Opening up a restaurant requires far more than the ability to sauté a vegetable, or that banal excuse…“I love to cook…my friends are always telling me I need to open up my own place.” Tell ‘ya what, next time your friends say that, just have them write you a check for $100,000 instead.
Let me explain…I love the food business. I have dedicated my life to it. Although my career has evolved to the private chef sector, I’ve had over 15 years in the restaurant, hotel and upscale catering business. I have sacrificed family, relationships, money, health and a personal life, all to create wonderful foods and develop eateries with great energy.
If you actually think that the self proclaimed ‘Mother Teresa’ of the culinary world, Alice Waters, has even a remote grip on reality, with her visions of hand picking an individual sprig of lavender to be placed loving on the plate by ethereal cooking cherubs…then its time to understand the reality of the business.
For example, in a restaurant, those Roma tomatoes that are coming in from the produce company might be chopped very quickly as part of a fabulous chopped salad. The truth is, I would go through 20-lbs of tomatoes a day, and I didn’t have time to form an emotional bond with them.
With 100 ‘covers’ coming in that night, all I’m thinking about is creating my little signature salad as fast as possible so I can sell it for $11 and make my clients happy. (All the while, chain restaurants are breathing down necks of independent restaurateurs, trying to capture that client base as quickly as they can.) At the end of the day, and I actually really hate that expression, your feet are just as calloused as your personality, after enduring the hundreds of mundane special requests plus an additional 100 annoying questions an hour from actors posing as wait staff. When you get home, you smell like the bottom of a deep fryer.
No matter how many times they have washed their hands, if one were to slice a chef open, his or her age in the business could be determined by the layers of spices, meats and fats that have permeated the skin. And, despite playing with some of the planet’s finest ingredients, many chefs opt for a diet of cigarettes, a drive-through epicurean experience and a bottle or two of liquid relaxation.
The culinary gods like Thomas and Charlie and Ming and David Burke are one in a million. We are talking about the hard working, culinary driven, trying to ‘create a vision without pretense’ restaurants. Forget about the multi-unit or chain places; they aren’t part of this conversation. They are a needed entity for our conveyor belt society. These places are generally affordable, family friendly and usually not offensive…albeit mundane.
The working atmosphere of local bistros, restaurants, independent ‘gastropub’ bars and lounges is gritty, tough, laborious work; overwhelming at times with all the details that must be attended to hourly. This is the real restaurant business.
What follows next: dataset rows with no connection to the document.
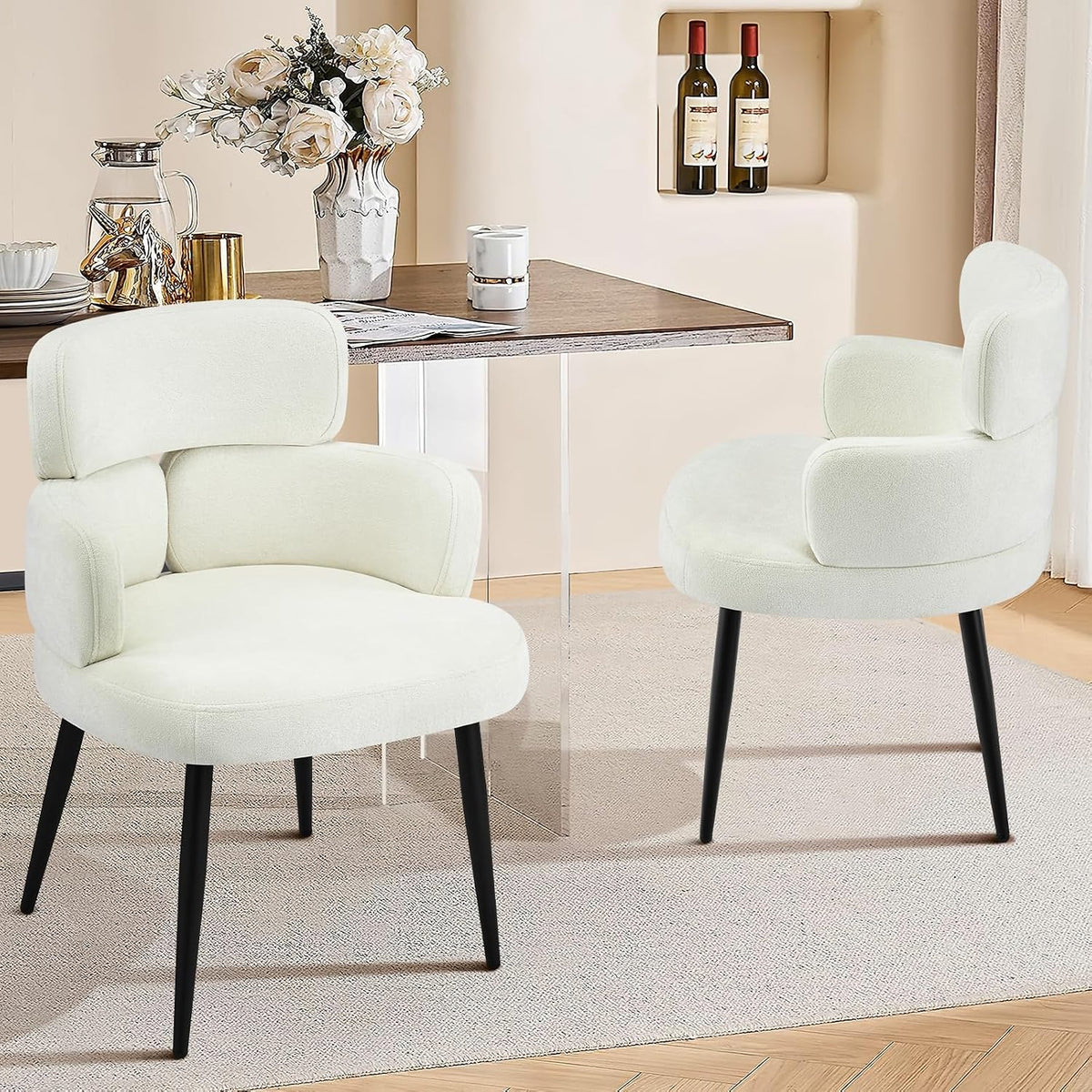 Modern Upholstered Dining Chair, Accent Chair with Soft Fabric, Black Metal Legs, Reading Chair for Living Room, Vanity Chair for Makeup Room, Bedroom, Beige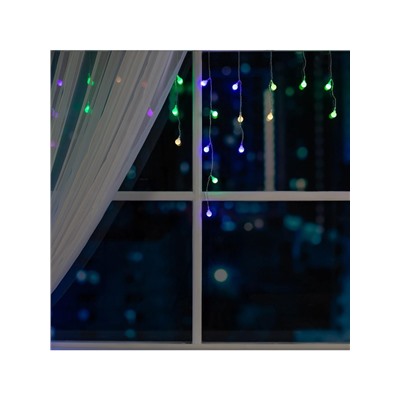 Гирлянда «Бахрома» 3×0.5 м с насадками «Шарики», IP20, прозрачная нить, 80 LED, свечение мульти (RG/RB), мигание, 220 В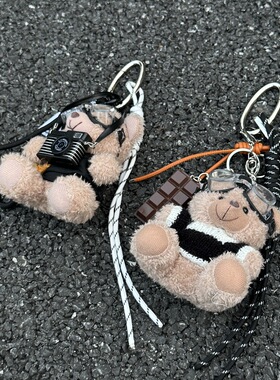 毛绒相机小熊miu系风包包挂件个性卡通挂件挂饰ins可爱心配饰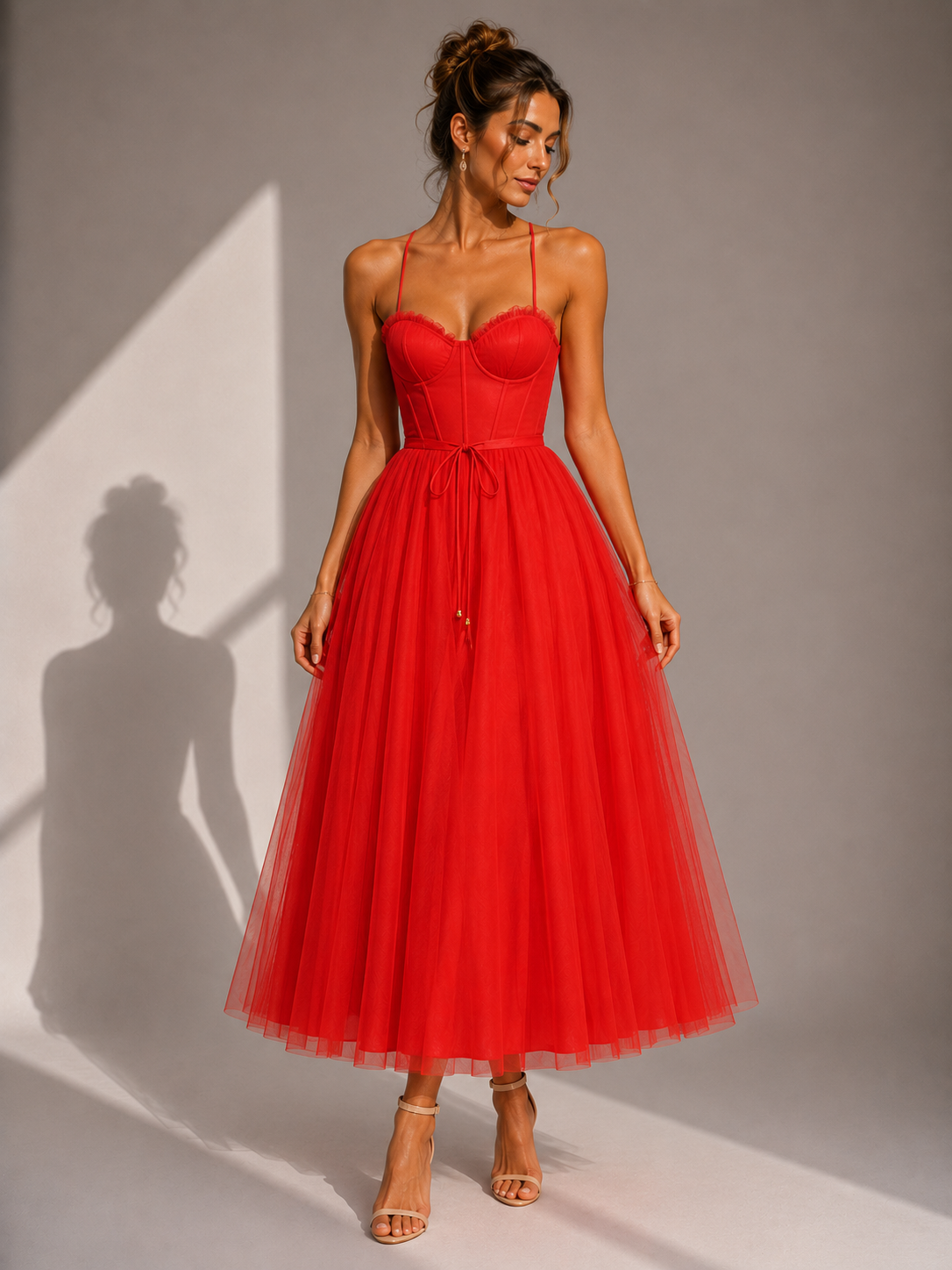 ELVENA™ | Cinched Waist Midi Dress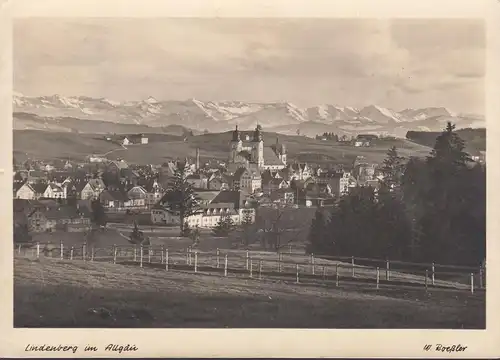 AK Lindenberg dans l'Allgäu, vue de la ville, église, couru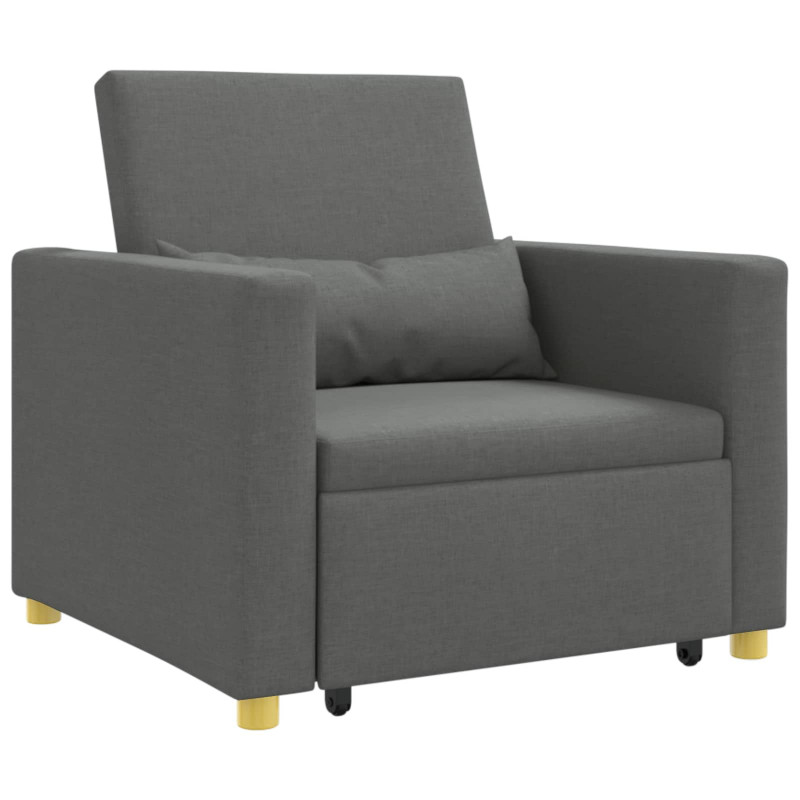 Rozkładana sofa jednoosobowa ciemno szary 90 x 165 x 87 cm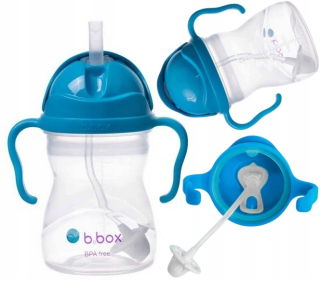 B.Box fľaša so slamkou, 240 ml, kobaltová modrá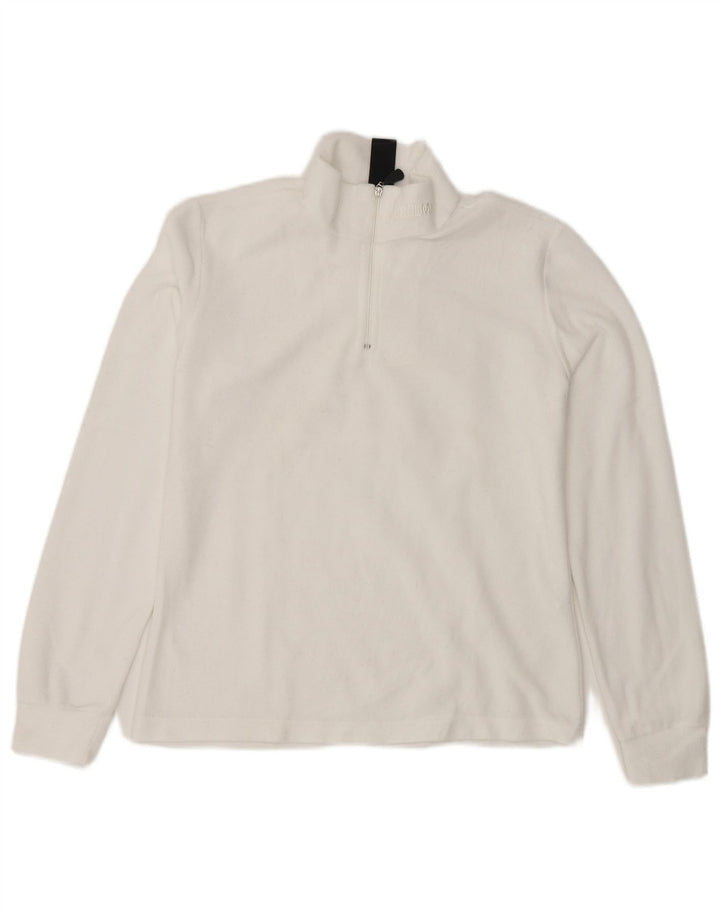 Colmar Damen-Fleecepullover mit Reißverschluss am Hals, UK 10, Größe S, Weiß, Polyester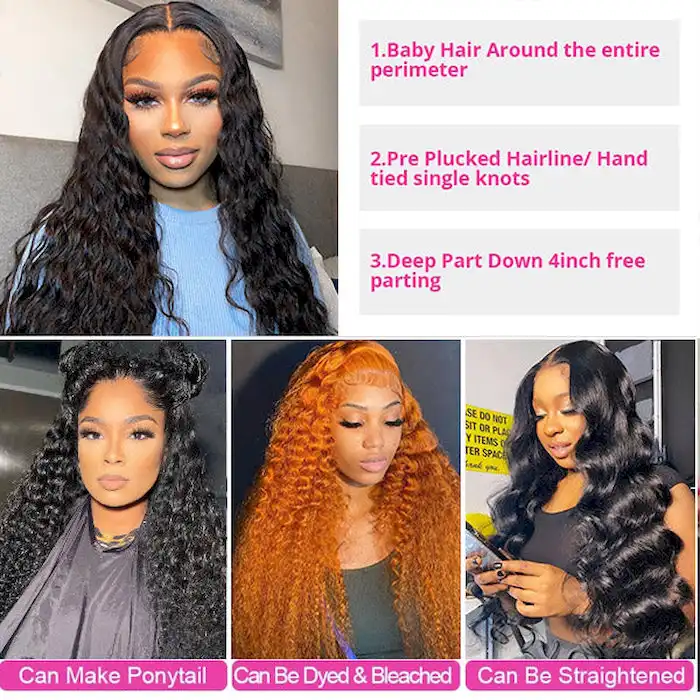 Dorsanee Hair Water Wave 13x6 HD Lace Front Human Hair Wigs For Black Women Human Hair Wig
Designed with the best intentions and very little capital, a typical executive chef earning less than $70,000 a year and working over 70 hours a week, will develop creative menus that are unique and flavorful with creative presentations.
The chef will train usually both front and back of the house on everything from culinary details to how to up-sell appetizers and desserts. The chef will write or assist in writing a wine list and dealing with the nickel and dime negotiations with every vendor. Also, the chef is most likely responsible for all scheduling, food costs, labor costs, helping to develop marketing, socializing with the guests and educating generally inept restaurant managers.
Leaving at 8-pm on a Saturday night, just because your favorite band is playing…is not an option.
Celebrating Valentines Day with the mate that you adore…Is not an option.
Coming home exhausted after a shift, and actually being able to focus on your family or loved ones…is not an option.
Eating a balanced meal…never an option.
So, Mr. Barbeque and Mrs. Cupcake: You still think you can stand out and make your place special? I applaud you with my swollen, calloused, burned, cut hands.